BEGIN
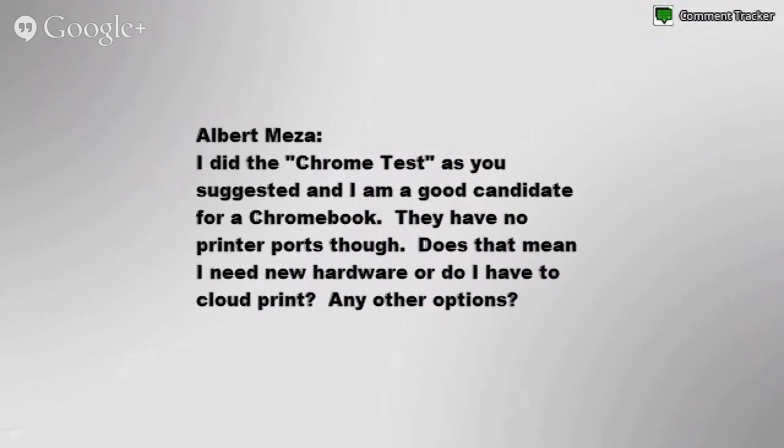Albert Meza says he did the Chrome test, as suggested, and he's a good candidate for a Chromebook. However, Chromebooks have no printer ports. He asks whether that means he needs new hardware, has to use CloudPrint, or if there are any other options.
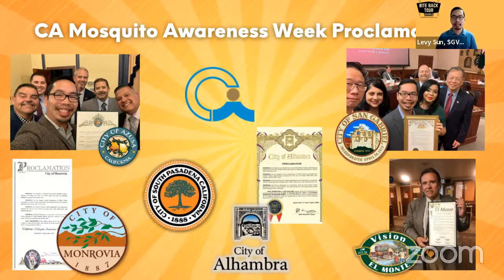I also want to point out the cool pins we're rocking today. Thank you to our friends at West Valley Mosquito and Vector Control District who shared those with us. A shout out as well to Coachella Valley and Florida Mosquito Control Association who did Instagram Live this morning, and Greater LA who is hosting their Twitter spaces right now. Thank you to all our partners who have been sharing all our content for California Mosquito Awareness Week this year.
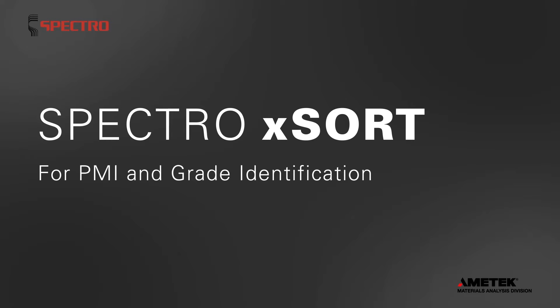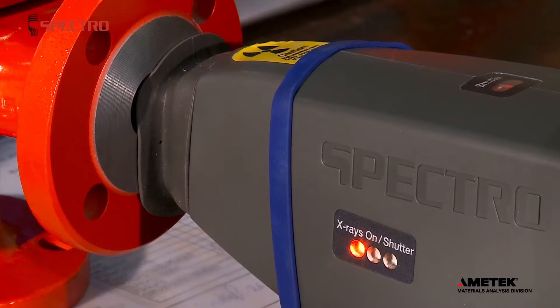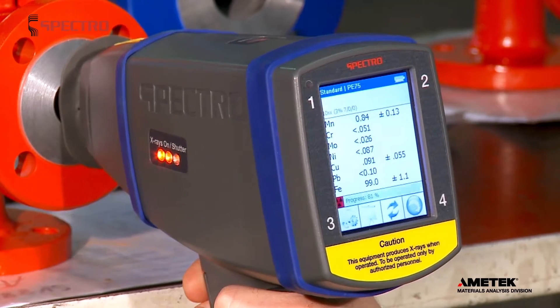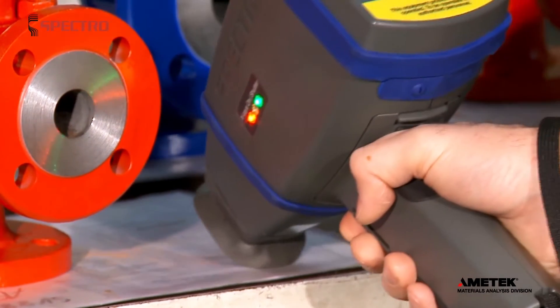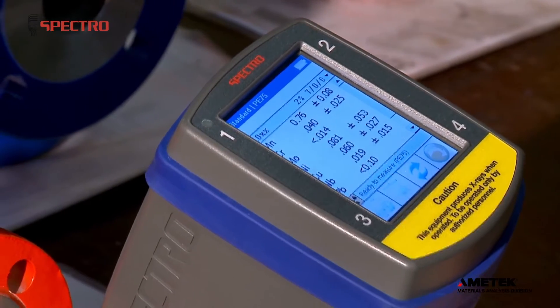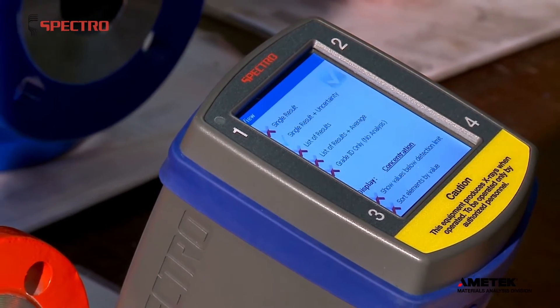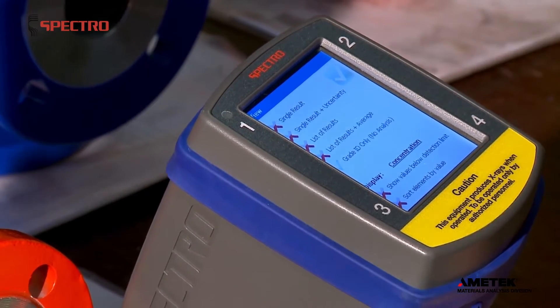Spectro Exsort for PMI and Grade Identification. When dealing with incoming parts, your Spectro Exsort handheld spectrometer is ideal for the quick inspection of materials and for positive material identification, or PMI. Just take your sample reading. In seconds, the screen displays a precise analysis of the composition of the sample.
END
Starting where a line contains "I also want" and finishing at the last line above, set down every line exactly as it reads, with no pictures.

▶ **Result for this exercise**:
I also want to point out the cool pins we're rocking today. Thank you to our friends at West Valley Mosquito and Vector Control District who shared those with us. A shout out as well to Coachella Valley and Florida Mosquito Control Association who did Instagram Live this morning, and Greater LA who is hosting their Twitter spaces right now. Thank you to all our partners who have been sharing all our content for California Mosquito Awareness Week this year.
Spectro Exsort for PMI and Grade Identification. When dealing with incoming parts, your Spectro Exsort handheld spectrometer is ideal for the quick inspection of materials and for positive material identification, or PMI. Just take your sample reading. In seconds, the screen displays a precise analysis of the composition of the sample.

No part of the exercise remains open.